I have reviewed this document as part of the security directorate's 
ongoing effort to review all IETF documents being processed by the 
IESG.  These comments were written primarily for the benefit of the 
security area directors.  Document editors and WG chairs should treat 
these comments just like any other last call comments.
I think this document is not ready. 

A few comments.
1) This proposal stacks a number of protocols - SCTP/DTLS/ICE - with which I am not intimately familiar.
I cannot tell whether using these in combination opens any holes.

2) one of the use cases pertains to avoiding internet filtering and monitoring of HTTP messages. 
From a security perspective, I find this undesirable, but it is probably a real world use case.

3) This document has dependencies on 8 different internet drafts - 
features in [I-D.ietf-tsvwg-sctp-prpolicies] MUST be supported.
features in [I-D.ietf-tsvwg-sctp-ndata] SHOULD be used.
[I-D.ietf-rtcweb-jsep] will establish the connection,
and so on …

It is hard to assess the security of the system when so many pieces are yet to be “fixed”. Security is a process.
While this could be put through with downlinks, I think it important to understand how those pieces fit with this document to create system, before this part should be approved.

4) section 6.2 specifies some sentences using “will”; I think to make the standard unambiguous, these should be converted into RFC2119 keywords.

5) section 6.2 says "typically this will be shared via BUNDLE or equivalent”. Without knowing what will be used, it is difficult to assess the security implications.

This is being submitted as standards-track, and I think the language needs to be tightened up considerably to determine whether an implementation is standard-compliant. Which of these options are mandatory to implement for compliance, and which are optional?

6) section 6.2 says "The number of streams negotiated during SCTP association setup SHOULD
   be 65535, which is the maximum number of streams that can be
   negotiated during the association setup.” It is unclear to me whether the following paragraphs explain why the maximum number of streams should be negotiated. If so, then I think this should be made clearer. If not, then I think a justification for negotiating the maximum should be provided.

7) section 6.4 says “A strong wish if for the application-level API to be close to the
   API for WebSockets ...”; Can I assume that by “close to” the authors mean “similar to”?
I think the text in 6.4 needs to be tightened, using RFC2119 keywords.
“each data channel has the following properties …”; I cannot tell whether this is defining properties that must be implemented or is a description of the properties that happen because this proposal uses SCTP. 

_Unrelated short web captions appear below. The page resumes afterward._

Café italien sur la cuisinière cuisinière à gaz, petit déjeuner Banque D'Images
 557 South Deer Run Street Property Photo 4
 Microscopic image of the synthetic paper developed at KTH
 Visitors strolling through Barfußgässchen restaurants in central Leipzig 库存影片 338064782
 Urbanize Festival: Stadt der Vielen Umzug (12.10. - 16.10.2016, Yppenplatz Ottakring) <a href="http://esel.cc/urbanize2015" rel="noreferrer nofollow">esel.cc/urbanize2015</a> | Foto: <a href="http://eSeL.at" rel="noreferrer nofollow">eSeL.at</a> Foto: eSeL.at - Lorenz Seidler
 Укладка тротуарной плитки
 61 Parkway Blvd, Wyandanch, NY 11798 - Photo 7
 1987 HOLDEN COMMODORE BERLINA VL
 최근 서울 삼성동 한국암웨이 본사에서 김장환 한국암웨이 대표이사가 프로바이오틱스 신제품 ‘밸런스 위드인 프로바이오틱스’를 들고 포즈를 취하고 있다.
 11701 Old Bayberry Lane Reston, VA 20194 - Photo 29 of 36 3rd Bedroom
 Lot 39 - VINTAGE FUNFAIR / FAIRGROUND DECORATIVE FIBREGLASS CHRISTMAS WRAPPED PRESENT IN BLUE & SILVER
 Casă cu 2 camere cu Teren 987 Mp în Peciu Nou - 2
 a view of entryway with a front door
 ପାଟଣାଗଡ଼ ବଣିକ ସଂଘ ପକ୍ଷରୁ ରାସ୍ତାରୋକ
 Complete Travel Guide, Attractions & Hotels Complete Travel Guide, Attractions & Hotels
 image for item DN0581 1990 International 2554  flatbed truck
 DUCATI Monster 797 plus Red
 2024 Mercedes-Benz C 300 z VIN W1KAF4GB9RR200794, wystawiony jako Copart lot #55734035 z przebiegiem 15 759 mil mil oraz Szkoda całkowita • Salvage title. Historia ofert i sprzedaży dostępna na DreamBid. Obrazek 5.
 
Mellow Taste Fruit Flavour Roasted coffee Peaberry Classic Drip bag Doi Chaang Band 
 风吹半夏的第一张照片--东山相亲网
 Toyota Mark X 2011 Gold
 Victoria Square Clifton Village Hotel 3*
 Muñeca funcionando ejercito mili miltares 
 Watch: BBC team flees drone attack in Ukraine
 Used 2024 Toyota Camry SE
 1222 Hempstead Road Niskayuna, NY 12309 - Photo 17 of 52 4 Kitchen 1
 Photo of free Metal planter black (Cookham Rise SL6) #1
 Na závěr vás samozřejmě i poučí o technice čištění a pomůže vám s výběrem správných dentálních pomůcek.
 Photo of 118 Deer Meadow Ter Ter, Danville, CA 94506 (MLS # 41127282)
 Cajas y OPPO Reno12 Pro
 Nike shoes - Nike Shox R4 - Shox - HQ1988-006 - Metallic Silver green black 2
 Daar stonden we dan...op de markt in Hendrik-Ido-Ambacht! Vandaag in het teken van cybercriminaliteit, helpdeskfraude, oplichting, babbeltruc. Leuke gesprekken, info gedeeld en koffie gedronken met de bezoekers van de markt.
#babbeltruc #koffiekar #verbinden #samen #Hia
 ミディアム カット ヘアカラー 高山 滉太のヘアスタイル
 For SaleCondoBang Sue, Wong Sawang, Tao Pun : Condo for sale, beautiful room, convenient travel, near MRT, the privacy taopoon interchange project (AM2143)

8) 6.5 saya "If it attempts to re-use a stream which is part of an existing data channel, the addition SHOULD fail.” I have a concern that this is not a MUST. Are there security implications if this is not a MUST?

9) 6.6 again could use some RFC2119 keywords. I think the whole section should be looked at for keywords, but have particular concern about error handling and die limitations. If an implementer ignores the SHOULD limit to 16KB, what impact both from an operational perspective and a security perspective will this have?

10) I don’t think pointing to a generic rtcweb security document is sufficient. The security considerations section in this document should discuss the security implications of various implementation choices specific to this document. There are a number of SHOULDs in this document. What are the security implications of not applying the SHOULD,? see my point #9, for example. Could this be exploited to create a DOS attack?